Write aligned sequences to a file:

```python
kalign.write_alignment(aligned, "output.fasta", format="fasta", ids=ids)
```

Supported formats: `fasta`, `clustal`, `stockholm`, `phylip` (non-FASTA formats require Biopython).

## Threading

```python
import kalign

kalign.set_num_threads(4)        # set global default
n = kalign.get_num_threads()     # query current default

# or override per call
aligned = kalign.align(sequences, n_threads=8)
```

Thread settings are thread-local, so different threads can use different defaults.

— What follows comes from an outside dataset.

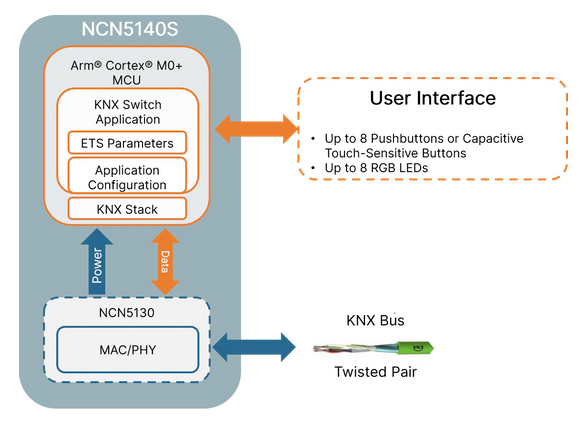 onsemi NCN5140S KNX Wall Switch System-in-Package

## Utilities (`kalign.utils`)

Requires only NumPy (installed automatically):

```python
import kalign

aligned = kalign.align(sequences)

arr = kalign.utils.to_array(aligned)                          # numpy array
stats = kalign.utils.alignment_stats(aligned)                 # dict with gap_fraction, conservation, identity
consensus = kalign.utils.consensus_sequence(aligned, threshold=0.7)
matrix = kalign.utils.pairwise_identity_matrix(aligned)       # numpy array
trimmed = kalign.utils.remove_gap_columns(aligned)
region = kalign.utils.trim_alignment(aligned, start=2, end=10)
```

## Biopython Integration

Requires `pip install kalign[biopython]`.

```python
import kalign

# Return a Biopython MultipleSeqAlignment
aln = kalign.align(sequences, fmt="biopython", ids=["s1", "s2", "s3"])
print(aln.get_alignment_length())

# Write in various formats via Biopython
from Bio import AlignIO
AlignIO.write(aln, "output.clustal", "clustal")
```

### I/O helpers (`kalign.io`)

```python
sequences = kalign.io.read_fasta("input.fasta")
sequences, ids = kalign.io.read_sequences("input.fasta")

aligned = kalign.align(sequences)
kalign.io.write_fasta(aligned, "output.fasta", ids=ids)
kalign.io.write_clustal(aligned, "output.aln", ids=ids)
kalign.io.write_stockholm(aligned, "output.sto", ids=ids)
kalign.io.write_phylip(aligned, "output.phy", ids=ids)
```

## scikit-bio Integration

Requires `pip install kalign[skbio]`.

```python
import kalign

# Returns a TabularMSA of DNA, RNA, or Protein depending on seq_type
aln = kalign.align(sequences, seq_type="dna", fmt="skbio")
print(type(aln))  # <class 'skbio.alignment._tabular_msa.TabularMSA'>
```

## Sequence Types

| String | Constant | Description |
|--------|----------|-------------|
| `"auto"` | `kalign.AUTO` | Auto-detect (default) |
| `"dna"` | `kalign.DNA` | DNA sequences |
| `"rna"` | `kalign.RNA` | RNA sequences |
| `"protein"` | `kalign.PROTEIN` | Protein sequences |
| `"divergent"` | `kalign.PROTEIN_DIVERGENT` | Divergent protein sequences |
| `"internal"` | `kalign.DNA_INTERNAL` | DNA with internal gap preference |

## Command-line Interface

```bash
kalign-py -i sequences.fasta -o aligned.fasta --format fasta --type protein
kalign-py -i sequences.fasta -o - --format clustal   # stdout
cat input.fa | kalign-py -i - -o aligned.fasta        # stdin
kalign-py --version
```

## Development

```bash
git clone https://github.com/TimoLassmann/kalign.git
cd kalign
uv pip install -e .
uv run pytest tests/python/ -v
```

Requirements: Python 3.9+, CMake 3.18+, C++11 compiler, NumPy.

## Citation

If you use Kalign in your research, please cite:

> Lassmann, T. (2020). Kalign 3: multiple sequence alignment of large data sets.
> *Bioinformatics*, 36(6), 1928-1929.
> [doi:10.1093/bioinformatics/btz795](https://doi.org/10.1093/bioinformatics/btz795)

## License

GNU General Public License v3.0 or later. See [COPYING](COPYING).